**What you will do:**
Your answer should consist only of the line with "E To Ie Stem" and the lines after it, reproduced exactly through the end of the entries below.

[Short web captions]
━━━
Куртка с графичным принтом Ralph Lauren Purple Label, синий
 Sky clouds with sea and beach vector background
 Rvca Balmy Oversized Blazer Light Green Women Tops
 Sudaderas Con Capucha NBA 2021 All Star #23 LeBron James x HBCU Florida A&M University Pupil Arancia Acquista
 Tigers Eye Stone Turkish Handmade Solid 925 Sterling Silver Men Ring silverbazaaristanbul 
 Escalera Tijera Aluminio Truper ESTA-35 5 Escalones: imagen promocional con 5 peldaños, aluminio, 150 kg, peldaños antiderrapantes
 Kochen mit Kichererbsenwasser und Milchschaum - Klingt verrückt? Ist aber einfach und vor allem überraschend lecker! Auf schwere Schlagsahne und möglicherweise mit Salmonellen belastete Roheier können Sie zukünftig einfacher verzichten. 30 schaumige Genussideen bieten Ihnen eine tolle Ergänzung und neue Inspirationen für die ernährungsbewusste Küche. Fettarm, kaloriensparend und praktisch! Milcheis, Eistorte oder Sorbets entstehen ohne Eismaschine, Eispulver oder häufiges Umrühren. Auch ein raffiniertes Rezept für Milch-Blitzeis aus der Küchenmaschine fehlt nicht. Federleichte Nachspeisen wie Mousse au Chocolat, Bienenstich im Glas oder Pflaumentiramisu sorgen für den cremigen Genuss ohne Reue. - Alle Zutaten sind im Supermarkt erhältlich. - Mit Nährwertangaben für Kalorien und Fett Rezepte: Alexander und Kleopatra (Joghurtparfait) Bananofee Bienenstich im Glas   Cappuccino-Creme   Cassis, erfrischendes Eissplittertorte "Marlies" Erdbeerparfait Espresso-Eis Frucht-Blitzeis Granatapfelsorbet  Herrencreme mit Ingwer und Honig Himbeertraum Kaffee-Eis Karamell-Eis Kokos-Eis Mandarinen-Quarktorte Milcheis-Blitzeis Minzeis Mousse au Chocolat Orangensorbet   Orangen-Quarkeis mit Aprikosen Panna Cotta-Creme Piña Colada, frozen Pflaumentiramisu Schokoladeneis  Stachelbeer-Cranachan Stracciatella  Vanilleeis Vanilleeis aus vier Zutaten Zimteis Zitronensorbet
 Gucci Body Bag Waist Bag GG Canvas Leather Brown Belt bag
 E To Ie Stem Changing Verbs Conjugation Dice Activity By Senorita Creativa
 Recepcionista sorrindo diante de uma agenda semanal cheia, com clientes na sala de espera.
━━━
**Answer box:**
 E To Ie Stem Changing Verbs Conjugation Dice Activity By Senorita Creativa
 Recepcionista sorrindo diante de uma agenda semanal cheia, com clientes na sala de espera.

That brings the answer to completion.